▸ **TRY IT**
Transcribe the entries below exactly from their first line through the line containing "GP-Series ULT Freezer", and let no picture into the copy.
____ EXERCISE INPUTS
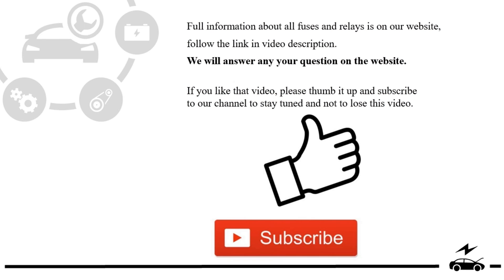If you liked that video, please thumb it up and subscribe to our channel to stay tuned and not to lose this video.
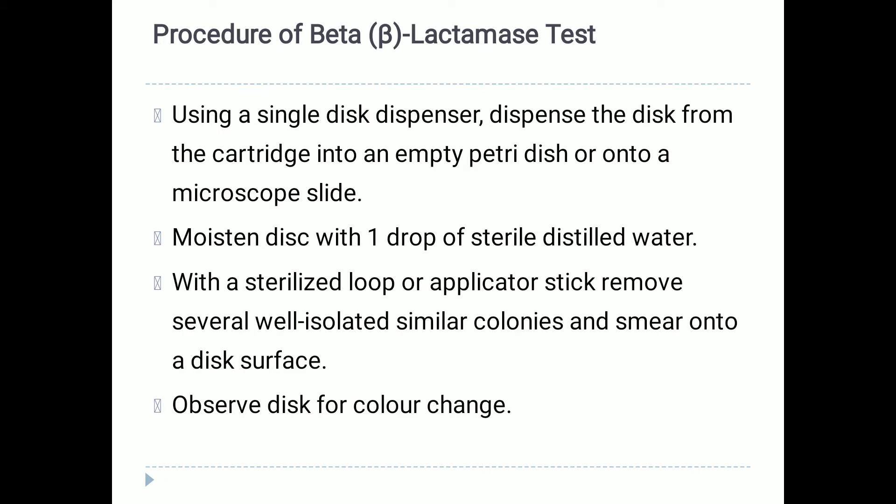For the procedure, first we use a single disc dispenser to dispense the disc from a cartridge into an empty petri dish or onto a microscopic slide. Then we moisten the disc with one drop of sterile distilled water. Using a sterile loop or applicator stick, we remove several well-isolated similar colonies and smear them onto the disc surface.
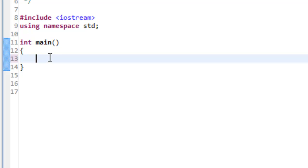In this video we're going to take a look at the sizeof operator in C++. The sizeof operator does exactly what its name indicates — it simply returns the size of some particular thing.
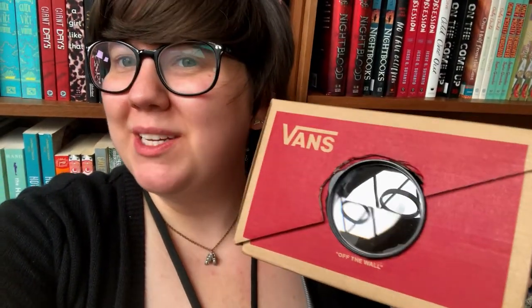Hi there, I'm Miss Maisie, a teen librarian at the Naperville Public Library, and today we're going to be making shoebox projectors. Let's get started.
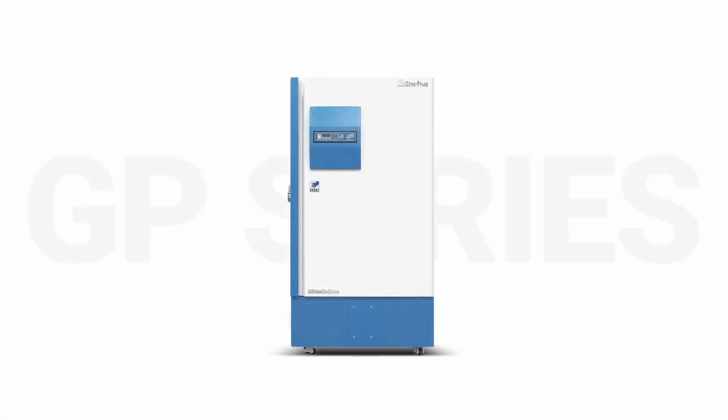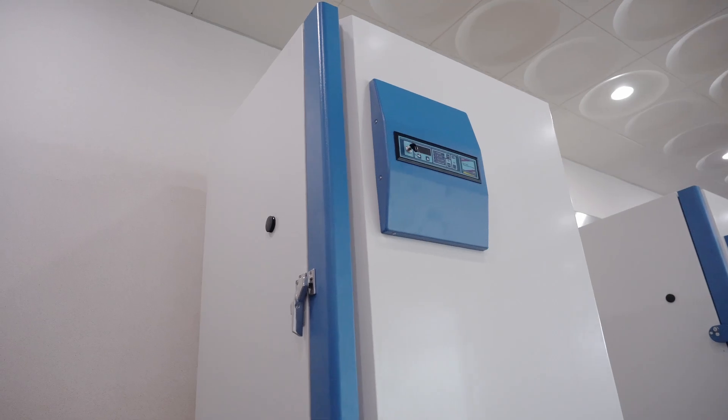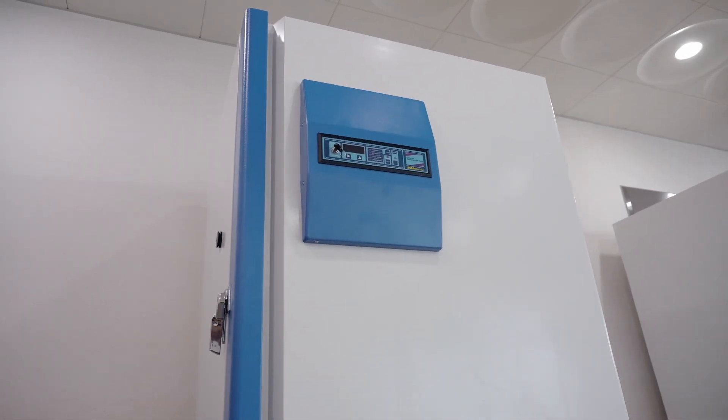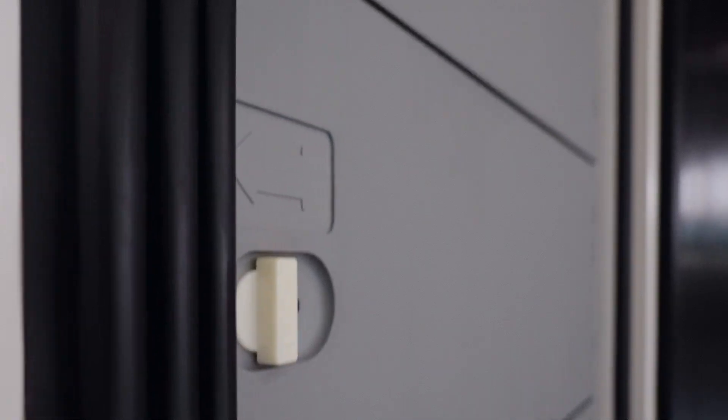GP-Series ULT Freezer of Irshin Biobase is designed with double safety compressor system as a simplified and economic solution for low temperature storage of your samples.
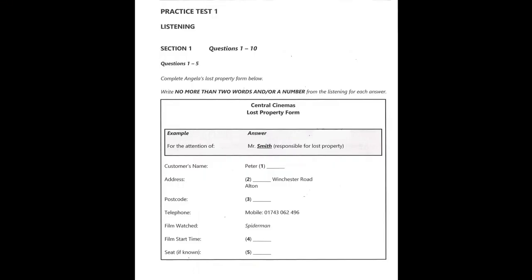In the IELTS test you hear some recordings and you have to answer questions on them. You have time to read the instructions and questions and check your work. All recordings are played only once. The test is in four sections.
________
▸ **TASK SOLUTION**
If you liked that video, please thumb it up and subscribe to our channel to stay tuned and not to lose this video.
For the procedure, first we use a single disc dispenser to dispense the disc from a cartridge into an empty petri dish or onto a microscopic slide. Then we moisten the disc with one drop of sterile distilled water. Using a sterile loop or applicator stick, we remove several well-isolated similar colonies and smear them onto the disc surface.
In this video we're going to take a look at the sizeof operator in C++. The sizeof operator does exactly what its name indicates — it simply returns the size of some particular thing.
Hi there, I'm Miss Maisie, a teen librarian at the Naperville Public Library, and today we're going to be making shoebox projectors. Let's get started.
GP-Series ULT Freezer of Irshin Biobase is designed with double safety compressor system as a simplified and economic solution for low temperature storage of your samples.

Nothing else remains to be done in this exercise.